F: Was ist ein Gestagen?

Ein Gestagen ist ein Begriff für die Gruppe synthetischer Hormone, wie Levonorgestrel in Levest, die ähnlich wie das natürlich vorkommende Hormon Progesteron wirken. Es ist der aktive Inhaltsstoff, der zusammen mit der Östrogenkomponente für den Empfängnisschutz sorgt.

Wie sollte Levest gelagert und entsorgt werden?

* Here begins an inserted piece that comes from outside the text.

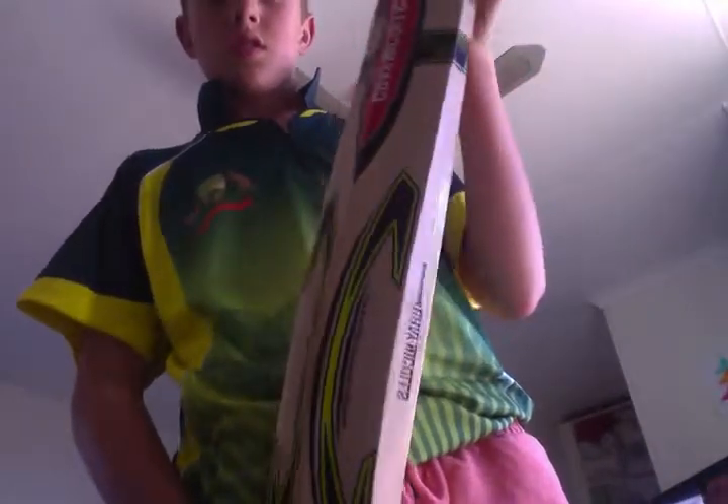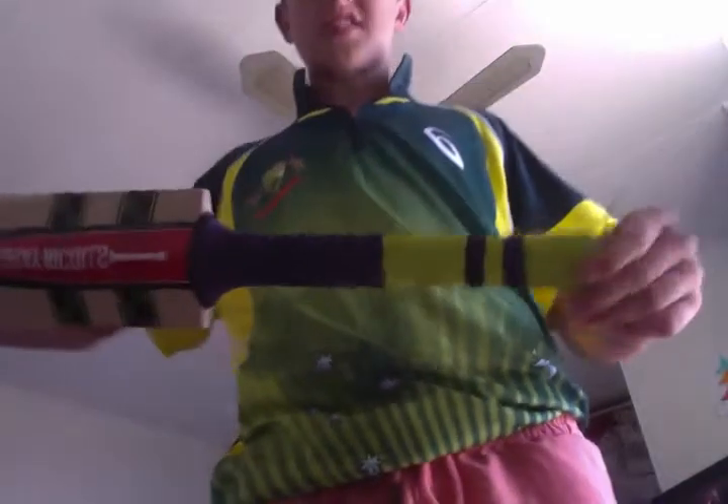Nice grains through the middle, nice edges — not that big but not that small. And flashy stickers and a nice grip. This bat...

Offizielle Anweisungen zur Lagerung und Entsorgung von Levest

Die behördlichen Vorschriften legen spezifische Bedingungen für die Lagerung und Entsorgung von Levest (Levonorgestrel/Ethinylestradiol) fest, um dessen Stabilität zu gewährleisten und die Sicherheit sicherzustellen.

Lagerungsanforderungen

  • Temperatur: Lagern Sie das Medikament unter 25, C (Raumtemperatur).
  • Schutz: Bewahren Sie die Tabletten in der Original-Blisterpackung und dem Umkarton auf, um sie vor Licht und Feuchtigkeit zu schützen.
  • Stabilität: Verwenden Sie die Tabletten nicht nach dem auf der Verpackung aufgedruckten Verfallsdatum.
  • Sicherheit: Bewahren Sie das Arzneimittel außerhalb der Sicht- und Reichweite von Kindern auf.

Entsorgungsanforderungen

Unbenutztes oder abgelaufenes Levest darf nicht im Hausmüll oder über die Toilette entsorgt werden. Bringen Sie das Arzneimittel stattdessen zu einer Apotheke oder einer lokalen Sammelstelle zurück. Dies gewährleistet eine ordnungsgemäße, umweltsichere Entsorgung pharmazeutischer Abfälle gemäß den örtlichen Bestimmungen.

Aufmerksamkeit! Wenden Sie sich immer an einen Arzt oder Apotheker, bevor Sie Pillen oder Medikamente verwenden.